Les promesses d’une reconstruction express
Rappelez-vous, en 2019, le président Macron annonçait, tel un Messie, une reconstruction en cinq ans chrono. Cinq ans pour réparer des siècles d’histoire réduits en cendres en quelques heures. Une belle promesse, surtout pour un projet qui s’est vite transformé en gouffre à millions, absorbant une part conséquente des 850 millions d’euros de dons. Alors, où en est-on ?
La flèche de Viollet-le-Duc, symbole romantique du gothique, est en cours de remontée. Les charpentes en bois flambant neuves, taillées dans les forêts françaises, promettent un retour aux origines médiévales de l’édifice. Mais ne vous emballez pas trop : sous les échafaudages, la poussière de plomb et les dizaines d’entreprises sous-traitantes, la vraie réouverture ne fera que marquer le début d’une nouvelle phase de travaux.
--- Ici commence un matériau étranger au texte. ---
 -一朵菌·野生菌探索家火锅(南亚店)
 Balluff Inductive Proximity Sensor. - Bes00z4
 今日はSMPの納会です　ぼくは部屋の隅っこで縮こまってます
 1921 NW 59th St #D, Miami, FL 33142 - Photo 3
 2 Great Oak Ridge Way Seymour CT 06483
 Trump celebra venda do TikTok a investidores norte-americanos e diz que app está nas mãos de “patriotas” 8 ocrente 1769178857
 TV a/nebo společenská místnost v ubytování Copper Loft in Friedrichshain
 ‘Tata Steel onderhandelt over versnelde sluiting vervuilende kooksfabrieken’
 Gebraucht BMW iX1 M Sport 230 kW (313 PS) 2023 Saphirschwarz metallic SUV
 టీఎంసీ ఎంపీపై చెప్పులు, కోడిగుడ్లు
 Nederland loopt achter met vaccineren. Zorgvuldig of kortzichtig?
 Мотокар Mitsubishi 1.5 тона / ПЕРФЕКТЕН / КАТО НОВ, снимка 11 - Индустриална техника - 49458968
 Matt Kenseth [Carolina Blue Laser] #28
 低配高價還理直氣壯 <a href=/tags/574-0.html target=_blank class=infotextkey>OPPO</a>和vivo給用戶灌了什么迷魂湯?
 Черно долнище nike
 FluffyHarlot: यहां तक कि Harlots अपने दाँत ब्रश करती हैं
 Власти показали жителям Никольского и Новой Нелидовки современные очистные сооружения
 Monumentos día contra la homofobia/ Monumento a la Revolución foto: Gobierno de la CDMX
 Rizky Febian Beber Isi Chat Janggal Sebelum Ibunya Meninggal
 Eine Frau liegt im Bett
Trop d’argent, pas assez de vision ?
Ah, l’argent. Ce nerf de la guerre qui, dans le cas de Notre-Dame, s’est révélé être un sujet aussi épineux qu’une relique oubliée. Avec des mécènes prestigieux comme les familles Arnault et Pinault, on aurait pu croire que tout serait réglé d’un coup de baguette magique. Spoiler : il n’en est rien. Entre les dépassements de coûts, les imprévus techniques et les querelles d’architectes, ce chantier a le goût amer d’une gestion kafkaïenne.
Et si on parlait du surplus des dons ? Oui, parce qu’il y en a eu, et beaucoup : 140 millions d’euros à ce jour, qui dorment en attendant d’être affectés. Ces fonds supplémentaires, destinés à « embellir » Notre-Dame, soulèvent une question simple : à quoi bon restaurer un édifice si la moitié des Parisiens ne pourra jamais s’y payer un concert ou un événement ? Une cathédrale pour les ultra-riches, vraiment ?
Un symbole écrasant de la France
Notre-Dame, c’est plus qu’un tas de pierres ; c’est un symbole. Celui d’une France qui, comme sa cathédrale, s’effrite mais refuse de s’effondrer. Mais soyons honnêtes : est-ce qu’on répare Notre-Dame pour ses fidèles ou pour les hordes de touristes asiatiques avec leurs perches à selfie ? Parce que si l’objectif, c’est d’en faire un Disneyland spirituel, autant y installer une file FastPass et des mascottes en costumes liturgiques.
L’obsession pour l’authenticité frôle l’absurde. En voulant à tout prix retrouver l’esprit du XIIIe siècle, on ignore la possibilité d’une rénovation contemporaine, audacieuse, qui aurait marqué l’Histoire autrement qu’en cherchant à la copier. Mais non, en France, on préfère se bercer d’illusions patrimoniales. Tradition, quand tu nous tiens.
Ce qu’on ne reconstruit jamais vraiment
Plus qu’un édifice, Notre-Dame est le miroir d’une époque qui se cherche. Entre les débats sur l’utilisation des fonds, les retards à rallonge et les désillusions d’une France qui aime se complaire dans ses gloires passées, la cathédrale est devenue le théâtre d’un drame national. Et pendant qu’on s’acharne à la réparer, on oublie peut-être qu’elle ne sera jamais plus la même.
Mais peut-être est-ce là toute la beauté du désastre : accepter que certaines choses, même réparées, restent à jamais marquées par leurs blessures.